I discovered some unexpected behavior when creating or assigning a new column in Pandas. When I filter or sort the pd.DataFrame (thus mixing up the indexes) and then create a new column from a pd.Series, Pandas reorders the series to map to the DataFrame index. For example:
df = pd.DataFrame({'a': ['alpha', 'beta', 'gamma']},
index=[2, 0, 1])
df['b'] = pd.Series(['alpha', 'beta', 'gamma'])
index | a | b |
---|---|---|
2 | alpha | gamma |
0 | beta | alpha |
1 | gamma | beta |
I think this is happening because the pd.Series has an index [0, 1, 2]
which is getting mapped to the pd.DataFrame index. But I wanted to create the new column with values in the correct "order" ignoring index:
index | a | b |
---|---|---|
2 | alpha | alpha |
0 | beta | beta |
1 | gamma | gamma |
Here's a convoluted example showing how unexpected this behavior is:
df = pd.DataFrame({'num': [1, 2, 3]}, index=[2, 0, 1]) \
.assign(num_times_two=lambda x: pd.Series(list(x['num']*2)))
index | num | num_times_two |
---|---|---|
2 | 1 | 6 |
0 | 2 | 2 |
1 | 3 | 4 |
If I use any function that strips the index off the original pd.Series and then returns a new pd.Series, the values get out of order.
Is this a bug in Pandas or intentional behavior? Is there any way to force Pandas to ignore the index when I create a new column from a pd.Series?
CodePudding user response:
If you don't want the conversions of dtypes between pandas and numpy (for example, with datetimes), you can set the index of the Series same as the index of the DataFrame before assigning to a column:
either with
.set_axis()
The original Series will have its index preserved - by default this operation is not in place:
ser = pd.Series(['alpha', 'beta', 'gamma'])

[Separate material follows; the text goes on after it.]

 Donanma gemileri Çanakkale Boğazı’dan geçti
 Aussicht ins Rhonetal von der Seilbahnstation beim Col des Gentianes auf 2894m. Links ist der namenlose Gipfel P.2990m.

df['b'] = ser.set_axis(df.index)
- or you can change the index of the original Series:
ser.index = df.index # ser.set_axis(df.index, inplace=True) # alternative
df['b'] = ser
OR:
Use a numpy array instead of a Series. It doesn't have indices, so there is nothing to be aligned by.
Any Series can be converted to a numpy array with .to_numpy()
:
df['b'] = ser.to_numpy()
Any other array-like also can be used, for example, a list.
CodePudding user response:
I don't know if it is on purpose, but the new column assignment is based on index, do you need to maintain the old indexes?
If the answer is no you can simply reset the index before adding a new column
df.reset_index(drop=True)
CodePudding user response:
In your example, I don't see any reason to make it a new Series? (Even if something strips the index, like converting to a list)
df = pd.DataFrame({'num': [1, 2, 3]}, index=[2, 0, 1]) \
.assign(num_times_two=lambda x: list(x['num']*2))
print(df)
Output:
num num_times_two
2 1 2
0 2 4
1 3 6